Trafic d’especes protégées : Deux cent tortues radiées rapatriées

Des tortues saisies aux Comores rentrent au bercail. Les receleurs et les auteurs du trafic, dont quatre Malgaches, ont été arrêtés.

Le rapatriement des tortues à l’étranger s’enchaîne. Deux cent vingt-deux sont arrivées à bord d’un appareil de la compagnie Air Madagascar, hier, vers 18 heures 30. En février 2018, une soixantaine a été réceptionnée à l’aéroport international d’Ivato, cent cinquante, en 2015, et une douzaine, il y a un mois. « Nous faisons revenir des tortues, de plus en plus souvent. Nous enregistrons, aujourd’hui, le plus grand nombre de tortues rapatriées», annonce fièrement Hugues Aziar Saïd, directeur de contrôle forestier, auprès du ministère de l’Environnement et du développement durable.

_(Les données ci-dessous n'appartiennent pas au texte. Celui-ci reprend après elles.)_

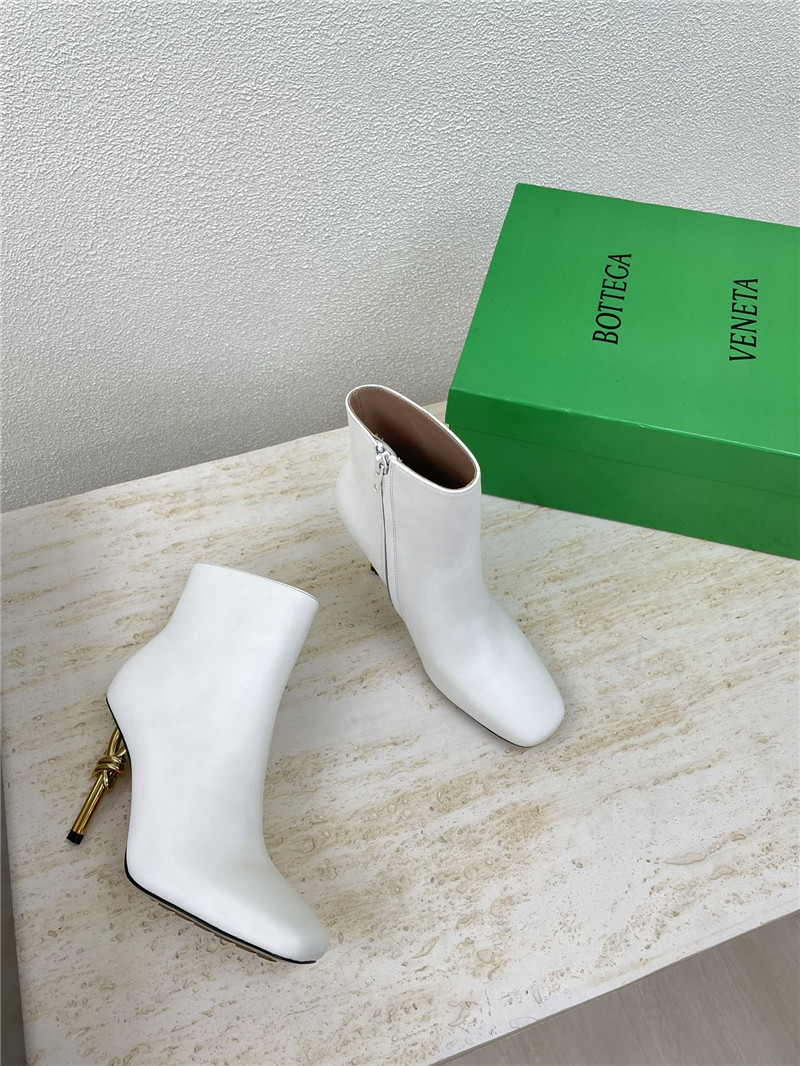 b0tt*ga Ven*ta off-white sculpted heel ankle boots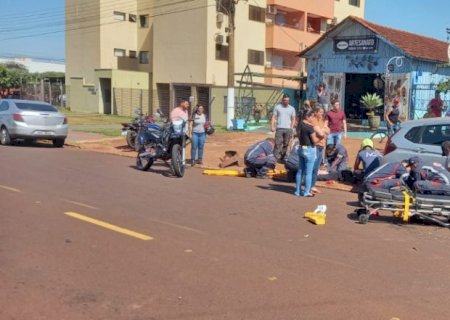 Vítimas de acidente entre motos e carro seguem internadas no HV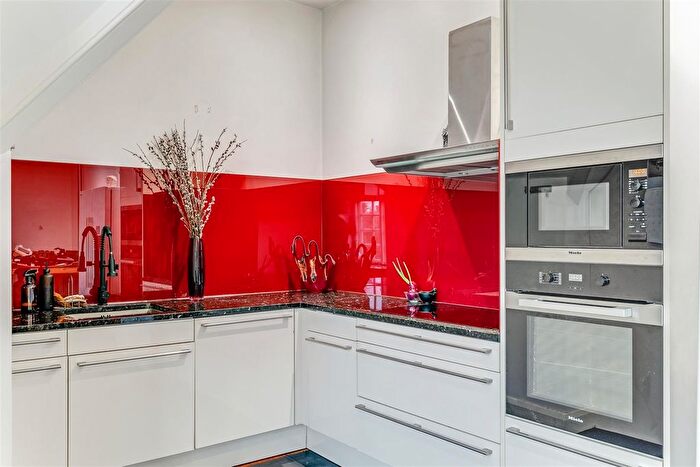 3 Bedroom Flat For Sale In Lyndhurst Road, Hampstead, London, NW3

Deux cent quarante cinq reptiles ont été interceptés aux Comores, vers la fin de l’année 2018. Vingt trois, parmi les animaux saisis, n’auraient pas survécu. Les procédures de rapatriement ont pris du temps. Elles ont commencé au mois de décembre 2018, mais le transport des animaux vers Madagascar ne s’est effectué que huit mois plus tard, suite à un manque de moyen. Le rapatriement coûterait très cher.
A première vue, ces espèces endémiques et protégées ont été en bon état dans leur cage, lorsqu’elles ont débarqué à Ivato, hier. Toutefois, elles seront mises en quarantaine, avant leur retour dans leur habitat naturel, dans le Sud de l’île. Le Turtle Survival Alliance est chargé de leur prise en charge.

En détention

L’importation de ces animaux s’est faite à bord d’une vedette, l’an dernier. On les a transportées clandestinement des côtes de l’île jusqu’aux Comores. Cette île sœur ne serait que le lieu de transit, avant un long périple vers l’Asie du Sud-Est.

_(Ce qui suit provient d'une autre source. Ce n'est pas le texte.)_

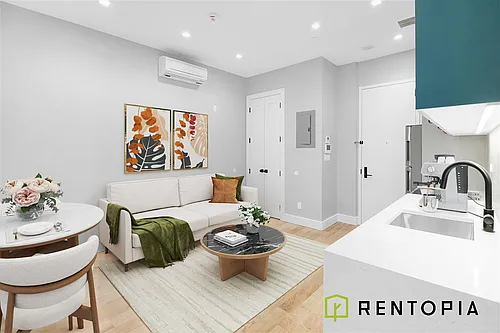 725 Metropolitan Ave #3A Photo 1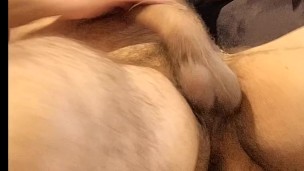 HAIRY MUSCLE BEAR SHOWS OFF HAIRY ASSHOLE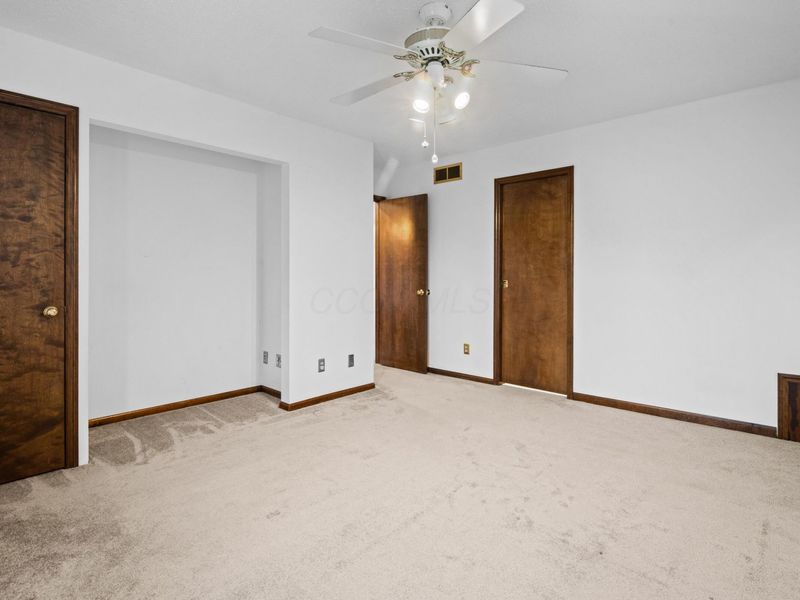 5219 Willow Grove Place S, Unit 18, Dublin, OH 43017 Photo 13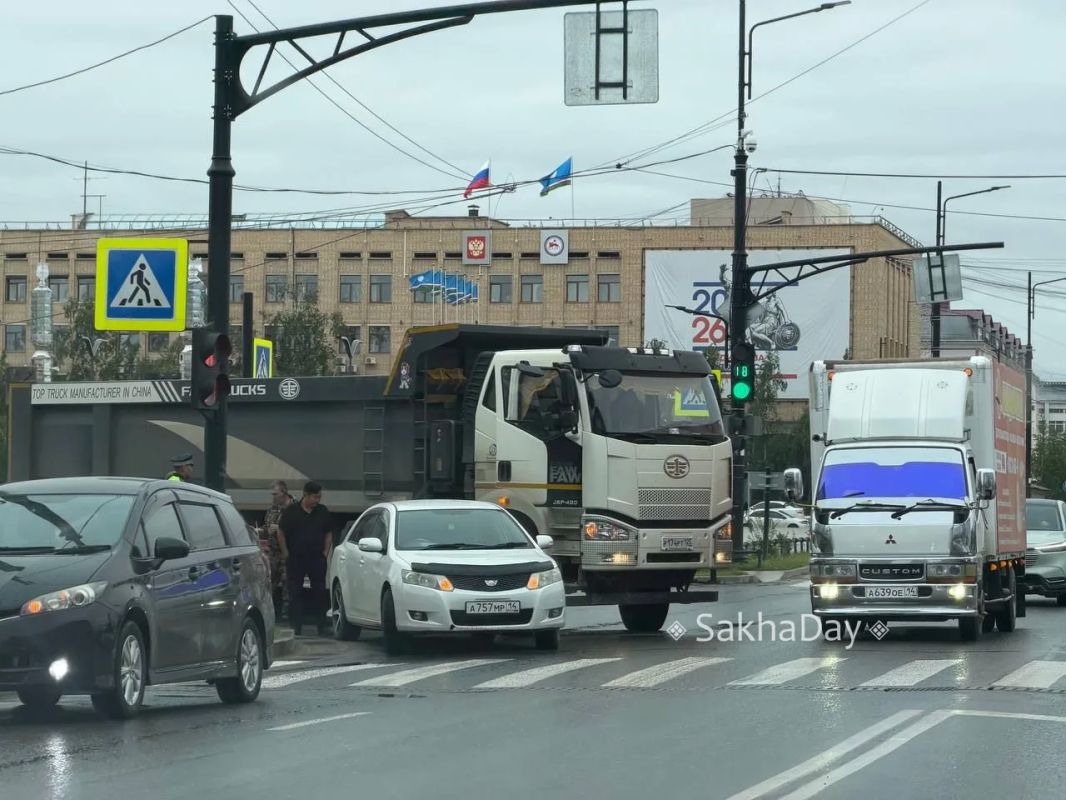 На проспекте ДТП с большегрузом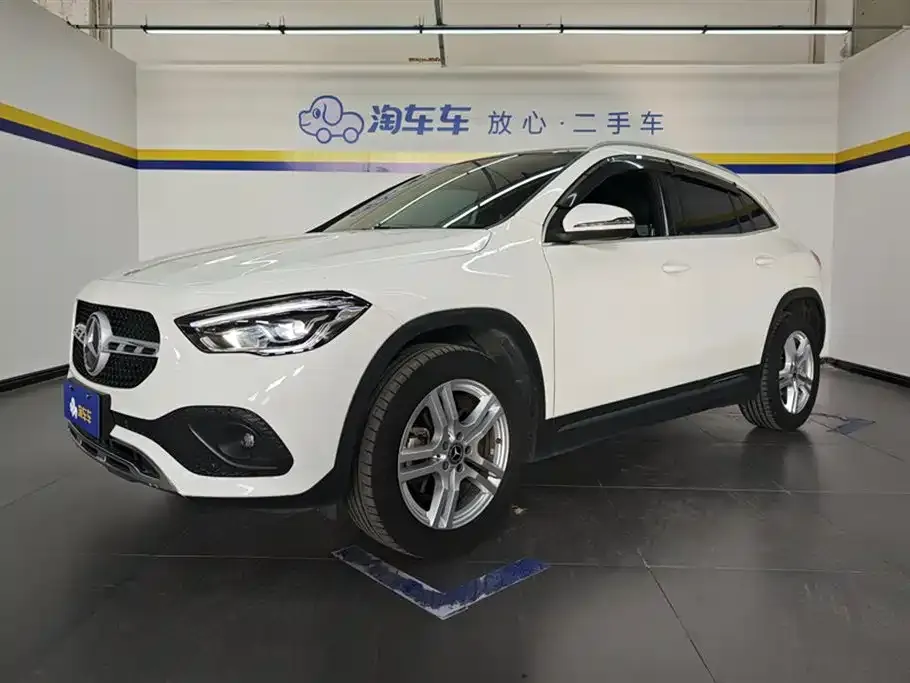 Mercedes-Benz GLA — фото 1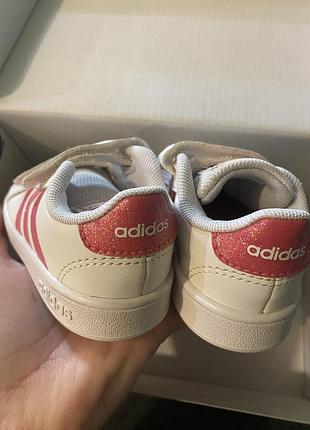 Кроссовки adidas 2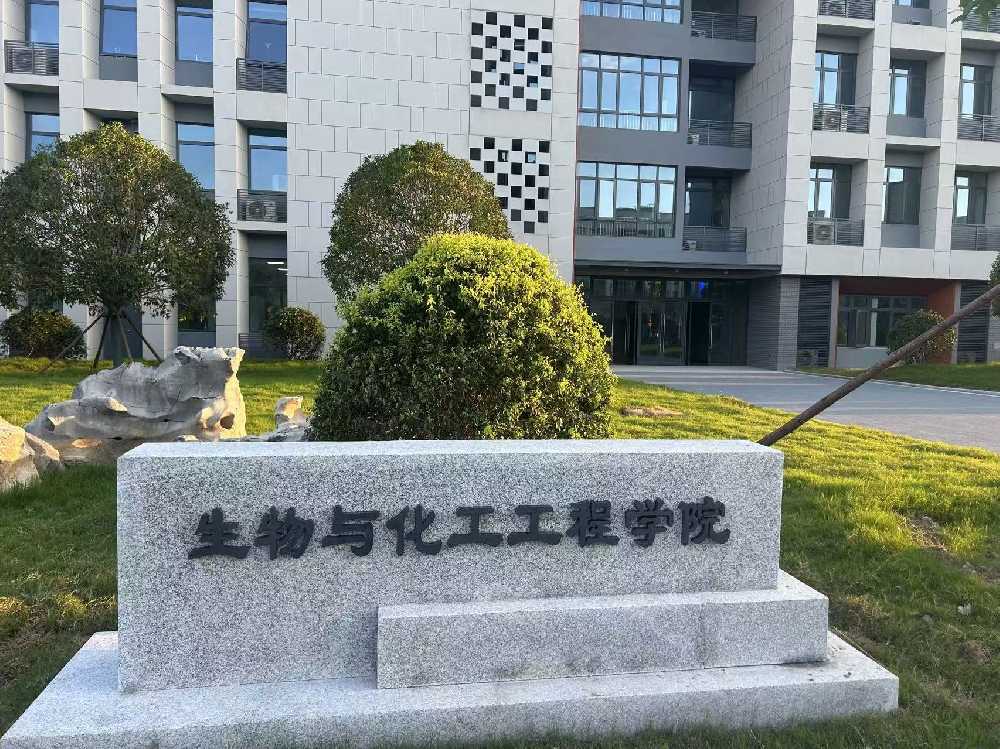 红寺堡区扬州职业大学体育场高杆灯项目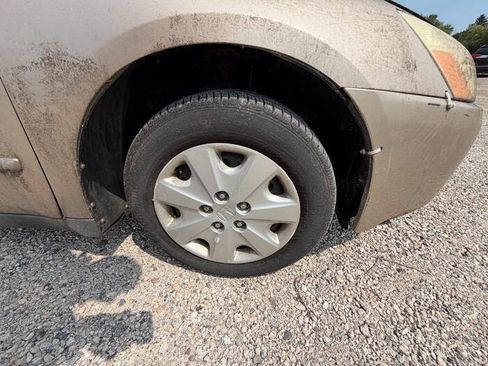 Used 2004 Honda Accord LX image 18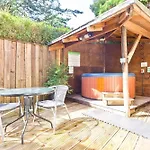 Bridge House With Private Hot Tub, Дом отдыха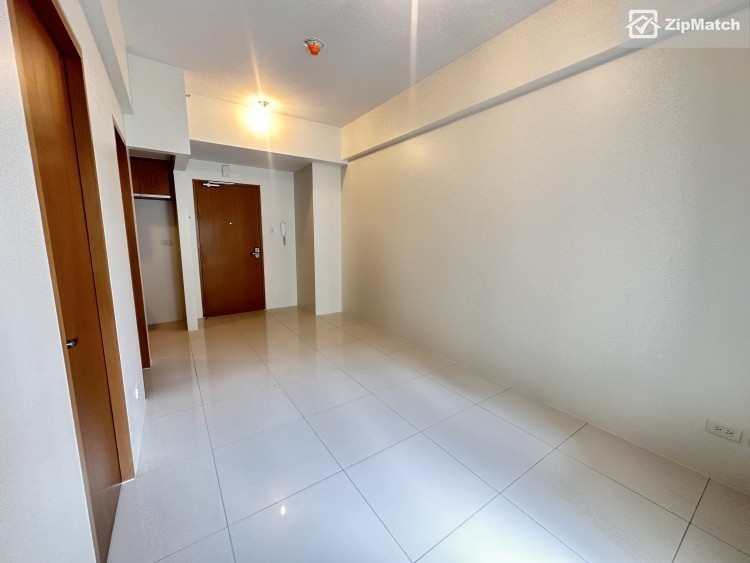                                     1 Bedroom
                                 1 Bedroom Condominium Unit For Sale in Time Square West big photo 4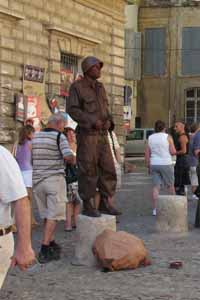 Levend standbeeld soldaat, Avignon 31-7-2010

Quatre Malgaches et deux Comoriens, inculpés dans cette affaire, ont été arrêtés et placés en détention provisoire dans une prison de la République de Comores.

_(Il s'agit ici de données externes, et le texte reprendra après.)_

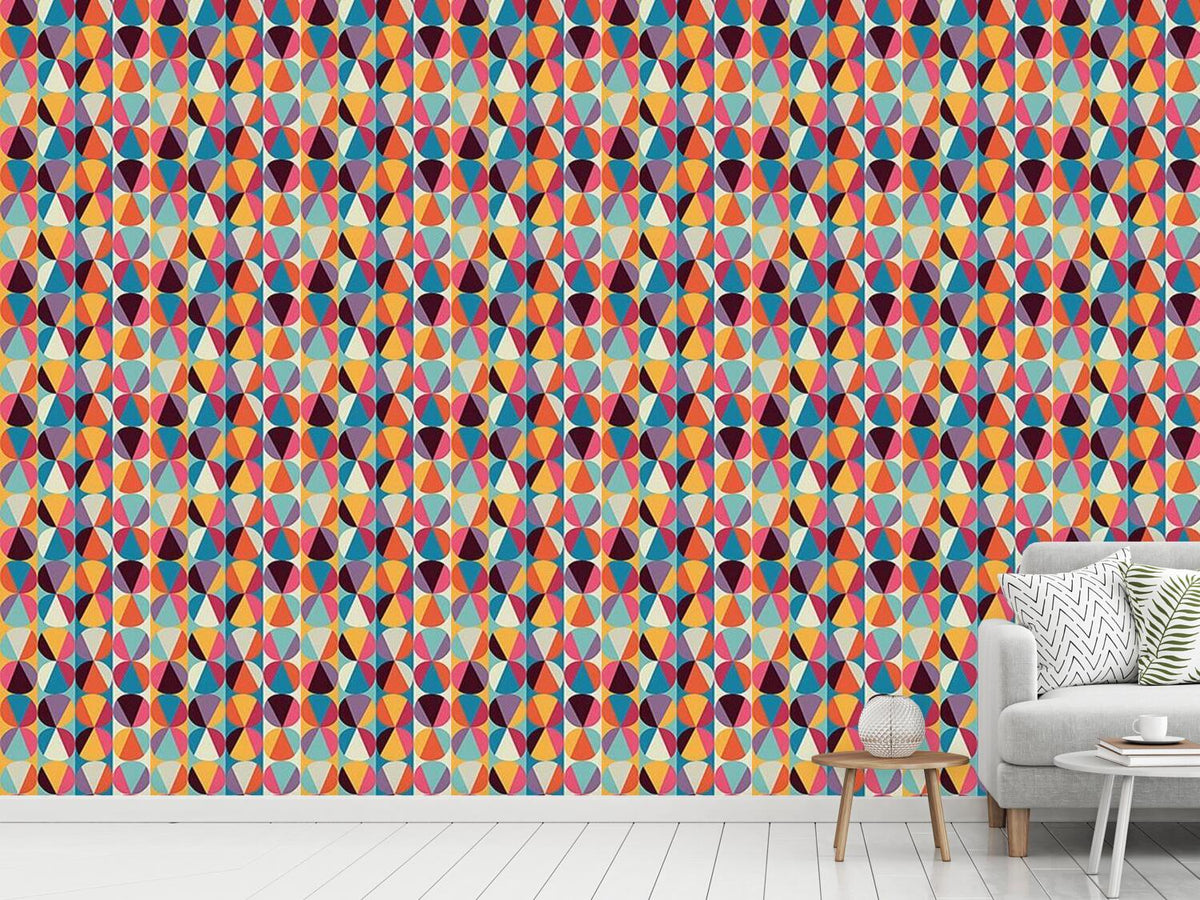 patterned-wallpaper-up-and-down-circles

Des milliers de tortues seraient encore en captivité dans des pays asiatiques, mais aussi, aux Comores et à Maurice, selon encore Hugues Hugues Aziar Saïd. Le ministère de l’Environnement et du développement durable a comme ambition de les rapatrier toutes, en dépit des maigres moyens. Le ministre de l’Environnement et du développement durable, Alexandre Georget, indique, par ailleurs, que Madagascar et les pays où ont été saisies ces tortues radiées, coopèrent pour faciliter le rapatriement de ces espèces protégées, mais aussi, pour la sanction des recéleurs.